START Dataset
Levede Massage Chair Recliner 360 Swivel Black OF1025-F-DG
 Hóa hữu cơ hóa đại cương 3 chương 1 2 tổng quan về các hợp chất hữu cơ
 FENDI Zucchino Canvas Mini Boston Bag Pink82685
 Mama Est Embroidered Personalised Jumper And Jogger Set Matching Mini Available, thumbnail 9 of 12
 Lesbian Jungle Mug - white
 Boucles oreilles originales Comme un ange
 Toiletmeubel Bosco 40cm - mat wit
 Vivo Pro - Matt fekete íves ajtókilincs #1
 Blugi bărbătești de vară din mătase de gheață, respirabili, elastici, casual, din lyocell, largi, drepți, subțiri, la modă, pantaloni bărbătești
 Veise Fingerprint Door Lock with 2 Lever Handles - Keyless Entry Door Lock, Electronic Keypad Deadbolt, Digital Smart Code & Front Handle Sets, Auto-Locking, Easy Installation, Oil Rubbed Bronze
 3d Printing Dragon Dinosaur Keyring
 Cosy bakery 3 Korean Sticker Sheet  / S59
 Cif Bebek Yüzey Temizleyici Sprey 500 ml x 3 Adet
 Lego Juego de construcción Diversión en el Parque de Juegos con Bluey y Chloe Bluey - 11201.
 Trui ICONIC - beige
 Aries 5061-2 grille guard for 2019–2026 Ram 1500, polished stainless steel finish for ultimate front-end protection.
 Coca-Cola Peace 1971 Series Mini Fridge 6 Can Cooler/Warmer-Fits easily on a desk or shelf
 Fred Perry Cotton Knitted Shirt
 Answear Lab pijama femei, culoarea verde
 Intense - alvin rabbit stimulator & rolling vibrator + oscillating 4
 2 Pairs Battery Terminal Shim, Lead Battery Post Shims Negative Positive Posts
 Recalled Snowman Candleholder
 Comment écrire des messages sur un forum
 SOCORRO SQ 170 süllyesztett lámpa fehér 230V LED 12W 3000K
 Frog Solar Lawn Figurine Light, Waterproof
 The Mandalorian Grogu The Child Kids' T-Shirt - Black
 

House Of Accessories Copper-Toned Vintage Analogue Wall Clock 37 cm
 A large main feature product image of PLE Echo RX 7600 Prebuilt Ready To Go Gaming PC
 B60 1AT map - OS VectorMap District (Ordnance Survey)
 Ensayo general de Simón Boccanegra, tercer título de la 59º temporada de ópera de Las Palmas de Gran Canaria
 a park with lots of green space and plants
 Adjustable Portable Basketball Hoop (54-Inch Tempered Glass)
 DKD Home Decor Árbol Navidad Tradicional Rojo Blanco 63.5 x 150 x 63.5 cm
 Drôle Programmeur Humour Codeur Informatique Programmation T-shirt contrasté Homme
END Dataset
**Task item**
Output the line holding "Aries 5061-2 grille", then every later line through the end of the records above, exactly as given and nothing else.

**Task answer**
 Aries 5061-2 grille guard for 2019–2026 Ram 1500, polished stainless steel finish for ultimate front-end protection.
 Coca-Cola Peace 1971 Series Mini Fridge 6 Can Cooler/Warmer-Fits easily on a desk or shelf
 Fred Perry Cotton Knitted Shirt
 Answear Lab pijama femei, culoarea verde
 Intense - alvin rabbit stimulator & rolling vibrator + oscillating 4
 2 Pairs Battery Terminal Shim, Lead Battery Post Shims Negative Positive Posts
 Recalled Snowman Candleholder
 Comment écrire des messages sur un forum
 SOCORRO SQ 170 süllyesztett lámpa fehér 230V LED 12W 3000K
 Frog Solar Lawn Figurine Light, Waterproof
 The Mandalorian Grogu The Child Kids' T-Shirt - Black
 

House Of Accessories Copper-Toned Vintage Analogue Wall Clock 37 cm
 A large main feature product image of PLE Echo RX 7600 Prebuilt Ready To Go Gaming PC
 B60 1AT map - OS VectorMap District (Ordnance Survey)
 Ensayo general de Simón Boccanegra, tercer título de la 59º temporada de ópera de Las Palmas de Gran Canaria
 a park with lots of green space and plants
 Adjustable Portable Basketball Hoop (54-Inch Tempered Glass)
 DKD Home Decor Árbol Navidad Tradicional Rojo Blanco 63.5 x 150 x 63.5 cm
 Drôle Programmeur Humour Codeur Informatique Programmation T-shirt contrasté Homme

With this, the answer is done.